The Government will publish a strategy document early in the New Year setting out its vision for higher education. Secretary of State for Education and Skills, Charles Clarke, has made it clear that he is keen to stimulate debate about the range of issues affecting the future of higher education. As a contribution to the debate, he has published a series of issues papers on some of the most important challenges facing higher education in the UK. These include research, access, teaching, and the freedom and accountability of the higher education sector.

INTRODUCTION

Our universities have long enjoyed an enviable international reputation as being among the best in the world. With over two million students across the UK including 220,000 from overseas, their teaching and research at its best is of world-class standard.

But there are also real challenges. Universities have taken on many more students in recent decades. Student numbers in Britain grew from 340,000 in 1962 to over two million last year. Half of that expansion took place during the nineties, when universities were expected to fund the extra students partly through efficiency savings.

By 2003-04, publicly planned spending on Higher Education will have risen by 15.6% after inflation compared to 1997, following years of continual decline. Student numbers have grown too. There were ten per cent more UK students in 2001/2 than in 1996/7 and a further increase is predicted in this academic year.

Following the National Committee of Inquiry into Higher Education report in 1997 (the Dearing review), the Government asked students to contribute to their tuition fees - a contribution now worth £1100 a year. This is paid on a means-tested basis, with poorer students exempted and those on middle incomes making a partial contribution. Yet the taxpayer still pays around 90 per cent of all university tuition costs. From the early 1990s, the student maintenance grant was gradually replaced by student loans. The maximum loan is now £3,905 outside London, with higher loans available to those from poorer families.
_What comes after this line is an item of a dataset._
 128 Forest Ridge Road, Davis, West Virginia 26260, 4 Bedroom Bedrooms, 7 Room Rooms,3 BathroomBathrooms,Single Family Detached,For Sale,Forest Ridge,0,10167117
While this Government has halted the decline in university funding and begun to lift controls on numbers so that Universities continue to expand, many argue that more radical change is needed to address three key challenges facing higher education today:

* The first challenge is to enable our universities to have the funding they need to provide high quality teaching and research, and to allow our best universities to continue to hold their own against the best in the world. That requires significant extra investment.

* The second challenge is to enable more able students from poorer backgrounds to go to university. Tuition fees and loans have not reduced working class numbers compared to middle class students. But the child of a professional is still four times as likely to get the chance to study for a degree as the child of unskilled or semi-skilled parents.

* And the third is an economic challenge. In today's globally competitive world, the country needs more people educated to a higher standard than ever before. The Government has set a target of fifty per cent of those aged 18 to 30 experiencing higher education, compared with over 40 per cent now.

These key challenges raise fundamental questions about higher education - not just about the funding of the sector, but also about the pattern of provision, about freedom and accountability, and about fairness and standards. These papers look at these important and difficult questions, to stimulate a wider debate around the full range of issues which our HE strategy will address.

. Research

Key Facts

* Britain has produced 44 Nobel Prize winners in the last 50 years.

* There are over 300,000 postgraduate students at English universities, a quarter from overseas.

* The UK does well on international research league tables. With 1 per cent of the world's population, British research has over 9 per cent of citations in the world's scientific publications - showing the influence that it has on other researchers.

Do good research and good teaching go together?

Research funding is distributed through the Higher Education Funding Council for England (HEFCE) and the Office for Science and Technology (OST), and its research councils. HEFCE distributes almost £1bn for research, with the rest of its funding - over £3bn - going to Universities for teaching and learning.

HEFCE Research funding is selectively allocated on the basis of the Research Assessment Exercise that has taken place in 1992, 1996 and 2001. The 2001 RAE found 55 per cent of research-active staff now work in highly-rated departments (the top two categories) compared with 31 per cent in 1996.

Russell Group universities get 63 per cent of the funding - with much of that going to the four top-rated research Universities (Cambridge, Imperial College, Oxford, and University College London). Whereas many students choose their university on the basis of the quality of its research as much as teaching reputation, newer universities increasingly sell themselves on the basis of their teaching quality and reputation.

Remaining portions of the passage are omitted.